Avec sa caméra filmant au plus près des corps et visages sans s’interdire des plans plus larges où le feu se fait scansion plastique et rythmique de paysages, The Language of Fire dévoile qu’autour de ces feux, les récits circulent et les bribes d’expériences personnelles se transforment en mémoire collective. Les histoires racontées reflètent souvent les trajets migratoires, les défis rencontrés et les espoirs pour l’avenir en dépit de l’immobilité forcée dans un no man’s land tant géophysique qu’existentiel.

Cette narration collective fonctionne comme un mécanisme de survie psychologique, aidant les individus à faire face à leur situation souvent précaire et incertaine. Les récits partagés deviennent des actes de résilience, où chaque histoire ajoute son motif à la tapisserie de la diaspora et de l’exil.

Présenté en 2003 à Visions du réel, le poème visuel Chantier A cosigné Karim Loualiche, Lucie Dèche et Tarek Sami suivait Le périple de Karim, qui revient en Algérie après dix années d’absence. Fort éloigné d’un simple retour au pays natal, le récit s’attachait à un périple complexe de redécouverte. Parmi les circonstances de son départ, le grand exil, et déjà le motif du feu à travers la maison qui a brûlé.

Vivre malgré tout

Dans ces deux films, les éléments naturels  – le feu et la neige – servent de métaphores pour des thèmes plus larges tels que la survie, l’exil, et la reconstruction après la perte.
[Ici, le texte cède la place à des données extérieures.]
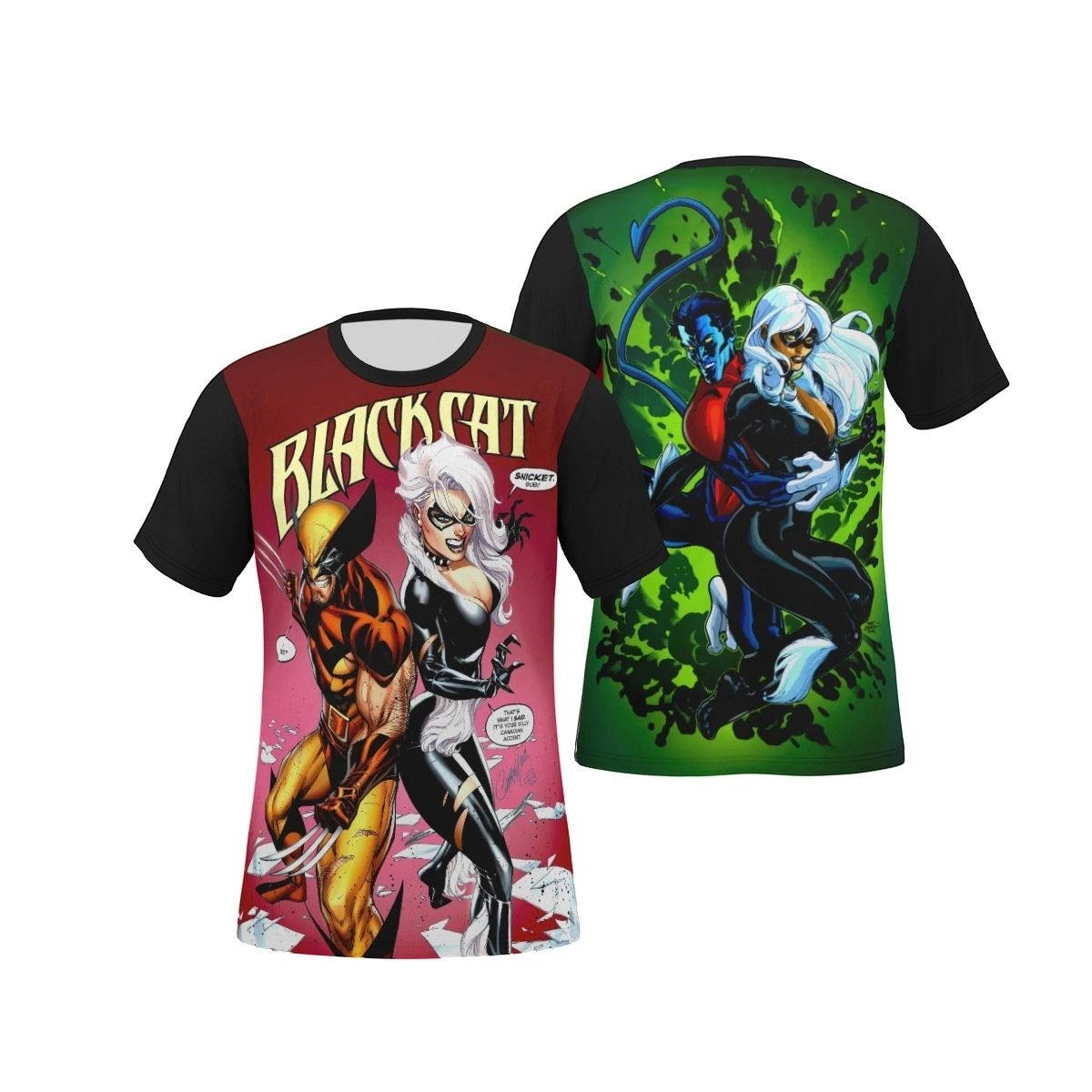 BLACK CAT WITH WOLVERINE/NIGHTCRAWLER ALL OVER PRINT SHIRT AND TANK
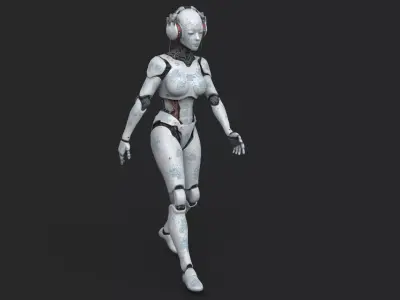Futuristic Gheisa Animated Low-poly 3D model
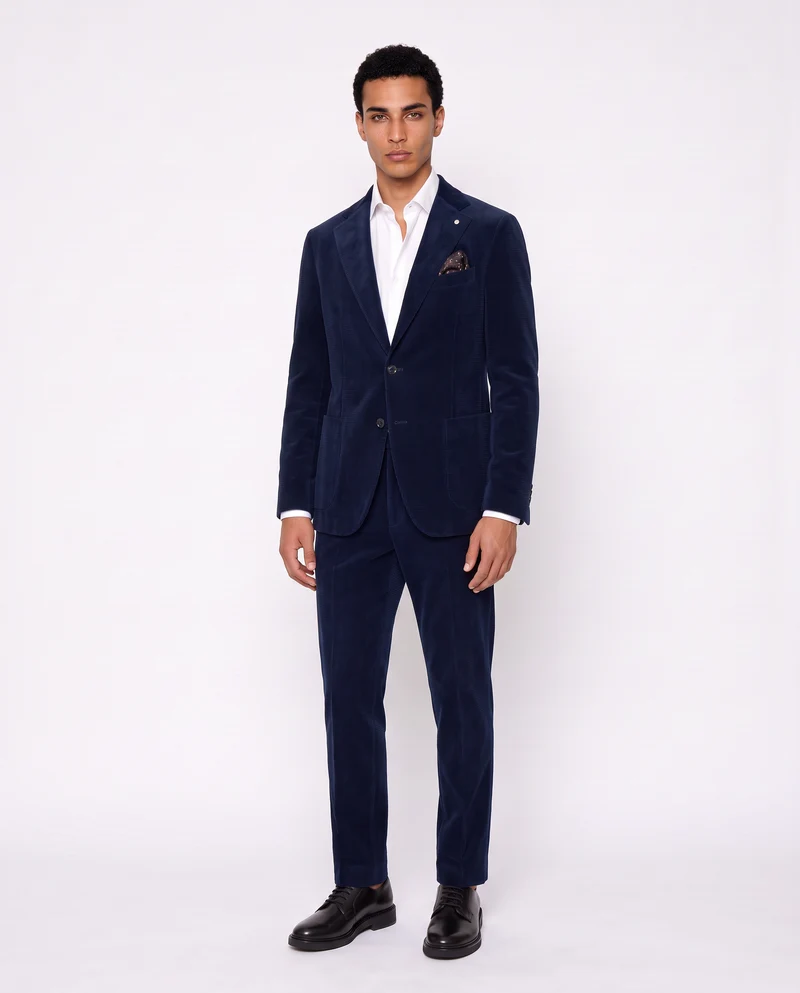 Blazer in velluto goffrato formal fit - Blu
De fait, After the Snowmelt aborde le deuil suite à une disparition en montagne non seulement comme un processus intime, mais aussi une réflexion sur la manière dont nous continuons à vivre en portant les souvenirs des disparus.

Si The Language of Fire se cristallise sur les conditions de vie difficiles des migrants qui se rassemblent autour du feu à Calais, en Algérie et en Afrique du Sud, soulignant leur quête pour préserver leur dignité face aux épreuves dans une forme de choralité de l’infortune, il révèle que jusque dans les situations les plus extrêmes, les personnes s’efforcent de donner un sens à leur existence.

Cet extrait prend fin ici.